## WHAT YOU HAVE TO DO
Print the full set of records below, character for character and picture-free.

## THE DATA
----------------------------------------
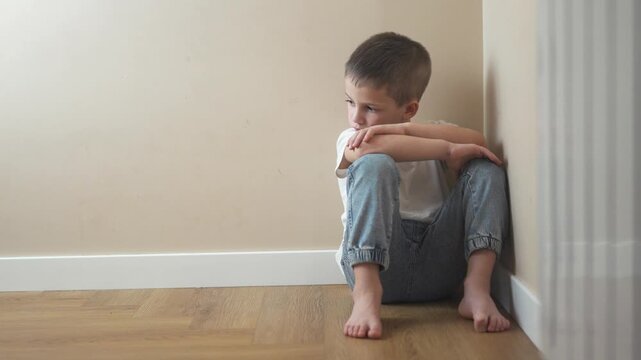 Young girl sitting on the floor. Sad child sits on lifestyle a corner and is punished. A teenage girl is traumatized by a violent incident. A little girl sitting on the ground.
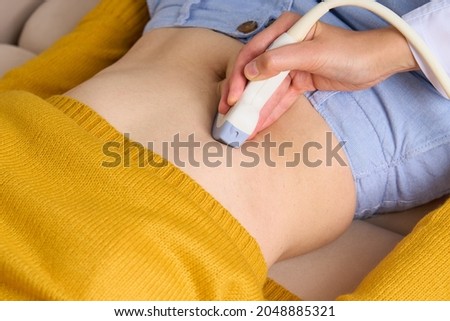 Unrecognizable sonographer doing ultrasound diagnostic of gallbladder, pancreas, right lobe, liver, bile ducts and abdominal cavity with convex probe sensor. Doctor home visit. Linear probe sonogram Royalty-Free Stock Photo #2048885321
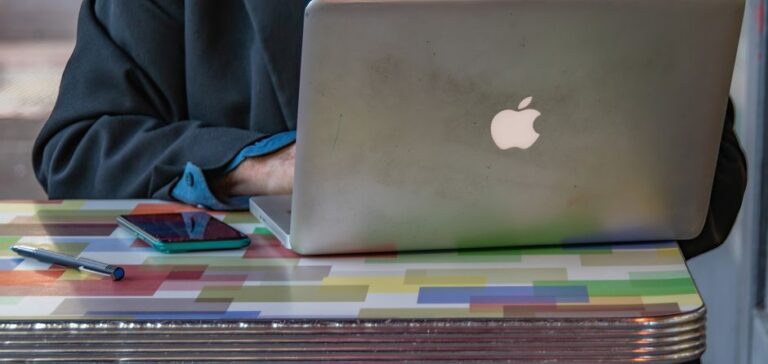 Apple Intelligence : le M1 rayé puis remis en ligne en 24 heures Close-up of a person using a laptop and smartphone on a colorful patterned table indoors.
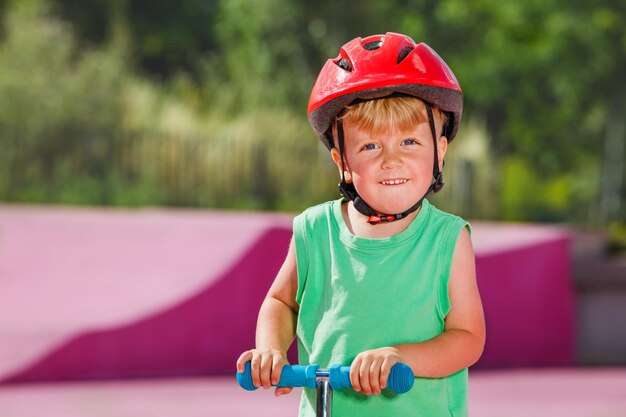 Retrato de un niño lindo de pie en la carretera.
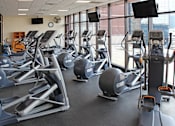 Thumbnail 9 of 13 - A gym with treadmills, elliptical machines, and other cardio equipment.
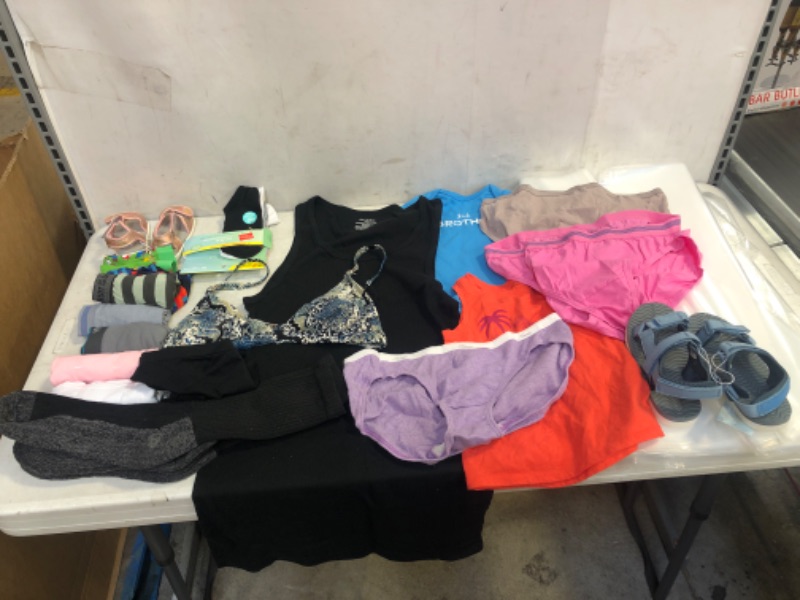 Photo 1 of BAG LOT, ASSORTED KIDS' AND ADULT CLOTHING BUNDLE, VARIOUS SIZES AND COLORS, CLOTHING SOLD AS IS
----------------------------------------
## REPLY
 Young girl sitting on the floor. Sad child sits on lifestyle a corner and is punished. A teenage girl is traumatized by a violent incident. A little girl sitting on the ground.
 Unrecognizable sonographer doing ultrasound diagnostic of gallbladder, pancreas, right lobe, liver, bile ducts and abdominal cavity with convex probe sensor. Doctor home visit. Linear probe sonogram Royalty-Free Stock Photo #2048885321
 Apple Intelligence : le M1 rayé puis remis en ligne en 24 heures Close-up of a person using a laptop and smartphone on a colorful patterned table indoors.
 Retrato de un niño lindo de pie en la carretera.
 Thumbnail 9 of 13 - A gym with treadmills, elliptical machines, and other cardio equipment.
 Photo 1 of BAG LOT, ASSORTED KIDS' AND ADULT CLOTHING BUNDLE, VARIOUS SIZES AND COLORS, CLOTHING SOLD AS IS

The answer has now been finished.